Leah’s music is what she refers to as ‘Celtic fantasy metal’ to effectively combine ethereal ambiance, Middle Eastern and Medieval folk passages with a progressive symphonic basis. “The Quest” finds her backing off (at least somewhat) the heavier propensities of previous albums while maintaining the distinct interpretation that sets her apart within all things symphonic.
This a more melodic, folksier version of symphonic metal means that we get lots of textures and sounds, mainly flutes and pipes. It also means that there is a certain cinematic feeling to the whole album. Contrasting with that is Leah’s very modern vocal melodies, which are honestly a major highlight of every song.
Leah’s voice is one of sincerity and purity. She doesn’t try to sound like any other ‘Sympho Lady’, and she focuses on clarity and melody, rather than on theatricality or showiness.
“The Quest” is full of wonderful songs. It seems like every single track has its own little twist, so it’s difficult to single any out as favorites. One of the highlights actually starts the album, and is a stupendous progressive piece. “The Quest” title track has a great central melody, with metallic portions that really rock, though the overall feeling of the song is one of variety or progression, never sticking to one sound. I love the way it transitions vocal melodies near the end, as well.

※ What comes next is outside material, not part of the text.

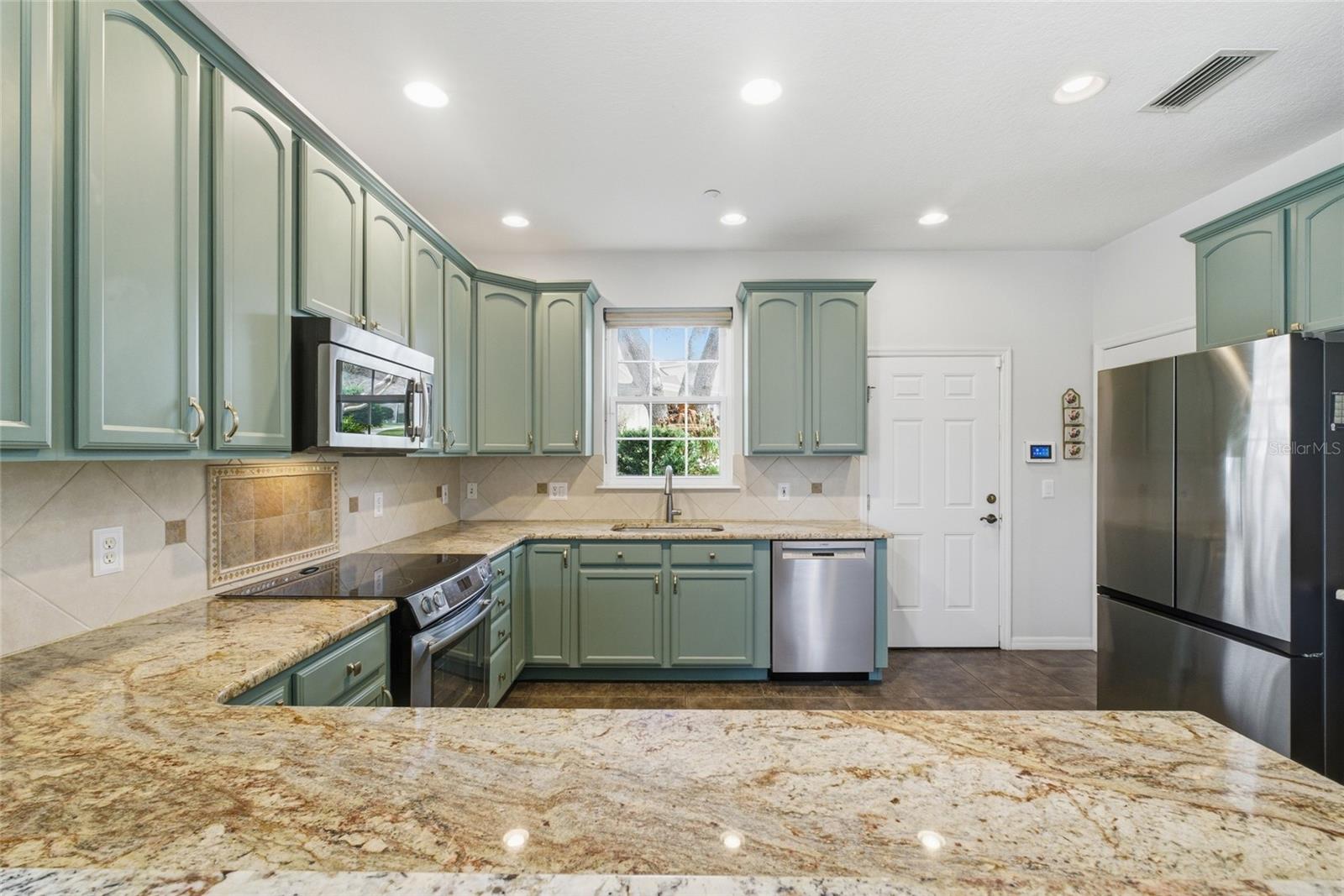 Image 3 of 54 For 161 Nautica Mile Drive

Then “Edge of Your Sword” is pretty catchy with keyboards to start giving way to a rolling drumbeat, it has a fantastic chorus, however isn’t as simple as it first appears, always keeping your interest.
is of similar quality. It strays into heavier mid-paced territory, playing up the emotional with its ennobled vocal melodies but also accessible in terms of one of the albums more august (and catchy) refrains. The conspicuous work of bassist Barend Courbois further builds upon the sublime aura.

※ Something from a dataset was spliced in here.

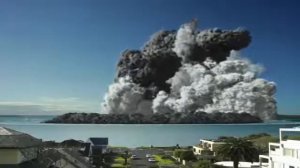 Извержение подводного вулкана....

“Heir” has just another an addictive chorus; as does “Ruins of Illusion”, which has an acoustic central melody making it feel shadowy and mysterious.
“Oblivion (Between Two Worlds)” is probably my second favorite on the album, mixing Leah’s expansive phrasing with tight and spiraling Celtic melodies. Finally, “The Water is Wide” is a wonderful ballad, emotional and hopeful.
As extras we find “Elixir of Life”, a song composed during Leah’s previous album sessions, but as she got too many songs already recorded, it quickly didn’t make the cut.
Then “The Dragonborn Comes” is Leah’s personal rendition of the theme song to the popular RPG game Skyrim. Even if you don’t play it, it’s a beautiful soundtrack, and Leah used the imagery of the game as inspiration. Completing the batch there’s “Lion Arises (Instrumental Version)”, showcasing the band’s dexterity as whole.
“The Quest” is very accessible to the ears yet very elaborated in the arrangements, progressive, epic at places, ethereal at others, and always highly melodic. The lyrics are hopeful and encouraging, portraying the journey of life as we face trials and good times, battles and peace.
Definitely different to the current female Sympho music, Leah’s own approach is really interesting all the way through, and while commercial in its delivery you may find more depth than you expect.
01 – The Quest
02 – Edge of Your Sword
03 – Lion Arises
04 – Heir
05 – Ruins of Illusion
06 – Labyrinth
07 – Abyss
08 – Oblivion (Between Two Worlds)
09 – Ghost Upon a Throne
10 – The Water is Wide
11 – Elixir of Life (Bonus Track)
12 – The Dragonborn Comes (Bonus Track)
13 – Lion Arises (Instrumental Version) (Bonus Track)
LEAH – Vocals, Keys, Orchestration
Timo Somers – Guitars
Barend Courbois – Bass
Sander Zoer – Drums & Percussion
Troy Donockley – Pipes & Flutes
Chen Balbus – Middle Eastern Saz & Oud
BUY IT !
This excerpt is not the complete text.